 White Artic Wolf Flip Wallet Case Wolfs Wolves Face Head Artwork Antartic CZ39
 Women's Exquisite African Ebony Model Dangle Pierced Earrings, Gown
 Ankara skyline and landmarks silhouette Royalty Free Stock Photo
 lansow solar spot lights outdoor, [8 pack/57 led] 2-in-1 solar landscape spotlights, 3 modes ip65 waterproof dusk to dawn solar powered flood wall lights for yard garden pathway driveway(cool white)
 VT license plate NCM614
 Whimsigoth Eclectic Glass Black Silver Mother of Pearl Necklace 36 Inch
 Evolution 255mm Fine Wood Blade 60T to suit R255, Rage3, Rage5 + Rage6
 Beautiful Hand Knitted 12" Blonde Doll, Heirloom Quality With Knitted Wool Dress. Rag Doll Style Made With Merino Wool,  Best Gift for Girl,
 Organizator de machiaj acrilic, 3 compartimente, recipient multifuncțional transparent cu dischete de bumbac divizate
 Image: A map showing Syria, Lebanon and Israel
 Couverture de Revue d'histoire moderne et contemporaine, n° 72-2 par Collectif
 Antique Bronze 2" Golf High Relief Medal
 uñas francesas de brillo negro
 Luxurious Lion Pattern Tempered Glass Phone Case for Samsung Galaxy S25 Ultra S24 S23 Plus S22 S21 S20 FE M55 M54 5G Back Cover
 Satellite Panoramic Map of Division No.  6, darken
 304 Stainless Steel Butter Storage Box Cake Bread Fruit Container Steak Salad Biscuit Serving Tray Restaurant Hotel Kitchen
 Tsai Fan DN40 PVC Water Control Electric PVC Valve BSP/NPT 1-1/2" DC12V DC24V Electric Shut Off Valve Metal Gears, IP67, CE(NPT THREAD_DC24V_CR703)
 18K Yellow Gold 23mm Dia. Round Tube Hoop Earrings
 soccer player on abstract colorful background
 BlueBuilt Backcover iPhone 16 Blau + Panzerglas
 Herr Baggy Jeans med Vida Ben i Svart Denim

● About this task: Go through the listing above and copy each line in which the string "Earrings" is found.

● Final answer:
 Women's Exquisite African Ebony Model Dangle Pierced Earrings, Gown
 18K Yellow Gold 23mm Dia. Round Tube Hoop Earrings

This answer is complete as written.